What Use Are Security Cameras if No One's Watching?

      November 13, 2012 12:32

      The Board of Audit and Inspection has checked 17,471 CCTV cameras in 1,707 schools and found that 97 percent are unable to distinguish the faces of people or license plates of cars entering the grounds. It takes a camera with a resolution of more than 500,000 pixels in to do that, but the schools have installed cameras with inferior resolutions.

      The government has spent up to W10 billion (US$1=W1,089) a year to get schools to install proper CCTV cameras to prevent crime against pupils, but the money has apparently been wasted.

      The Ministry of Education, Science and Technology pushed schools to install CCTV cameras and achieved an impressive installation rate of 98 percent by June this year, up from less than 60 percent earlier. The project started in 2009, and now there are some 100,000 of them in 11,000 schools, or an average of nine for each school.

      But there are profound discrepancies. The BAI said one 410,000-pixel resolution CCTV camera at a girls' middle school in Incheon did not show the license plate of a car even when the image was blown up, whereas a 1 million-pixel resolution camera at an elementary school in Seoul clearly showed the license plate of a car driving into the grounds.

      The ministry recently discovered the problem and started replacing around 22,000 cameras across the nation with resolutions of less than 400,000 pixels. A security camera with a 400,000-pixel resolution costs W200,000, and one with 500,000 costs around W300,000, and the price tag rises to W2-3 million for over 1 million pixels. But that is a price worth paying in schools where there is a lot of coming and going.
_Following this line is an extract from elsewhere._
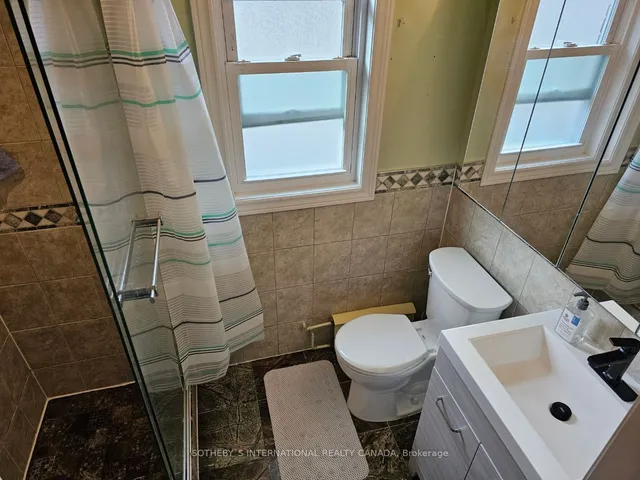 Additional image 6 of 1202 Islington Ave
      Between 2009 until August this year there were 1,066 crimes or accidents at schools involving outsiders, which averages out at 294 a year and 24 a month. Analysis of the various measures that have been taken to make schools safer, including security officers, police patrols and telephone hotlines, has found that CCTV cameras are the most effective. But 30 percent of the 1,707 schools the BAI checked have CCTV cameras that face the wrong way or are blocked by trees or other obstacles, and two out of every 10 schools put the monitors in the night watchman's room so they could not be viewed during the day.

      That means the cameras were effectively useless during school hours. Officials at some schools did not even know when their cameras were broken, while others simply ignored the problem. Still others had no idea how to play back the recordings. The waste of money and the incompetence of school officials are simply mind-boggling.